When Monero (XMR) appeared in 2014, it was the first cryptocurrency to feature cryptographical advances over its peers and centered itself around privacy and fungibility. The very primary feature Monero offered was that it allowed its users to send and receive transactions without making the data available to anyone examining the blockchain – It does away with the transparency of other cryptocurrencies.
Monero is often grouped with other privacy-focused cryptocurrencies, such as Zcash (ZEC). Both have sought to address privacy weaknesses in Bitcoin, such as the transparency of its blockchain.
Though the launch of the Zcash project enjoyed media attention and backing from privacy VCs, Monero’s genesis is more similar to Bitcoin, as a small online tech community that grew quietly over time.
Other than its lack of transparency and absolute privacy, Monero boasts other features.
Monero is designed to update every six months, allowing a regular schedule to add features.
This has led Monero to add many privacy features since its inception.
What Privacy Features Does Monero Have?
During its busy development cycle, Monero has added a number of extra features:
The technology that makes this obfuscation possible, Monero uses Ring Signatures to mix the digital signature of the individual making an XMR transaction with the signatures of other users before recording it on the blockchain. This way, should you look at the data, it would appear as if the transaction was sent by any one of the signers.
Over the years, Monero has experimented with altering the number of signatures involved in this mixing process, at one time even allowing users to specify the desired number.
As of 2019, however, a default monero transaction is now set, adding 10 signatures to every transaction group and mixing 11 signatures in total.
Yet another feature contributing to Monero’s privacy is Stealth Addresses, which enables users to publish one address that automatically creates many one-time accounts for every transaction.
Using a secret “view key,” the owner can then identify their incoming funds as their wallet can scan the blockchain to identify any transactions with that key.
Introduced in 2017, Ring Confidential Transactions hide the amount users exchange in transactions recorded on the blockchain. In effect, RingCT makes it so transactions can have many inputs and outputs, while preserving anonymity and protecting against double spends.
The Genesis of Monero
The creation of Monero was shrouded in mystery, unknown developers contributors, accusations of fraud, and many rebrandings.
In 2013, developer Nicolas van Saberhagen authored the CryptoNote white paper. The paper put forward the need for cryptography within the cryptocurrency community and was referenced by renowned Bitcoin developers Gregory Maxwell and Andrew Poelstra in their own work.
The white paper initially didn’t provide enough for some to create a cryptocurrency from, but eventually, a cryptocurrency did arise from its page – Bytecoin. Bytecoin collapsed under allegations its developers were tampering with the supply.
Those of the Bytecoin team with had escaped allegation formed ‘Bitmonero’ in 2014. Following further allegations, another and final fork was formed, named Monero, which is the one we are left with today. Monero is the Esperanto word for ‘Coin’.
Cybercrime and Monero
Given its complete privacy, many in law enforcement and government see Monero as the cryptocurrency choice for cybercriminals.

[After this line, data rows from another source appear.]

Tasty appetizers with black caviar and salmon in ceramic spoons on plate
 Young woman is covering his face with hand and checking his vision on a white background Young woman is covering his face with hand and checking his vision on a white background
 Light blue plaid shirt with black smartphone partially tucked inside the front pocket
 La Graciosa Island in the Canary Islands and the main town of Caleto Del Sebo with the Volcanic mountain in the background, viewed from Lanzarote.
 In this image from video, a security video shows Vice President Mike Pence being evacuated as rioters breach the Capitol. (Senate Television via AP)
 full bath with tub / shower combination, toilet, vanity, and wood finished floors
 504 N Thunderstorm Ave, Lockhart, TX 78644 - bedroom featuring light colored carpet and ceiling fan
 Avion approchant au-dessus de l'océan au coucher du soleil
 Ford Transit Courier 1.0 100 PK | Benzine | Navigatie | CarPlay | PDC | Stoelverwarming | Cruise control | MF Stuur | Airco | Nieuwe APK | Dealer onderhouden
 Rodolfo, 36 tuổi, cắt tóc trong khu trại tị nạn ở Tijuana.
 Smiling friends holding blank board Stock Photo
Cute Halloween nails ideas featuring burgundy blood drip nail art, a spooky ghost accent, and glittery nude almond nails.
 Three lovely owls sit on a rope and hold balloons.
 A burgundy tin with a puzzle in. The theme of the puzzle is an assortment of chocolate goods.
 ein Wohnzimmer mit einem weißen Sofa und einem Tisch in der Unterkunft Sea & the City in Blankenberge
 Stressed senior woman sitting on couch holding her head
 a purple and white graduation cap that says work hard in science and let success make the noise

Though Bitcoin still dominates the ransomware-payments world, there has been a noticeable increase in hackers demanding Monero instead.
This is especially the case since last year’s Colonial Pipeline attack, carried out by the Darkside Ransomware gang. The FBI were easily able to trace the money back to the gang after breaching the wallet.
“The more savvy criminals are using Monero,” said Rick Holland, chief information security officer at Digital Shadows, a cyberthreat intelligence company.
“We’ve seen REvil…give discounts or request payments in monero, just in the past couple months”
“It’s almost like we’re seeing, at least from a cyber criminal perspective, a resurgence…in monero, because it has inherently more privacy than some of the other coins out there,” Holland said of monero’s recent rise in popularity among actors in the ransomware space.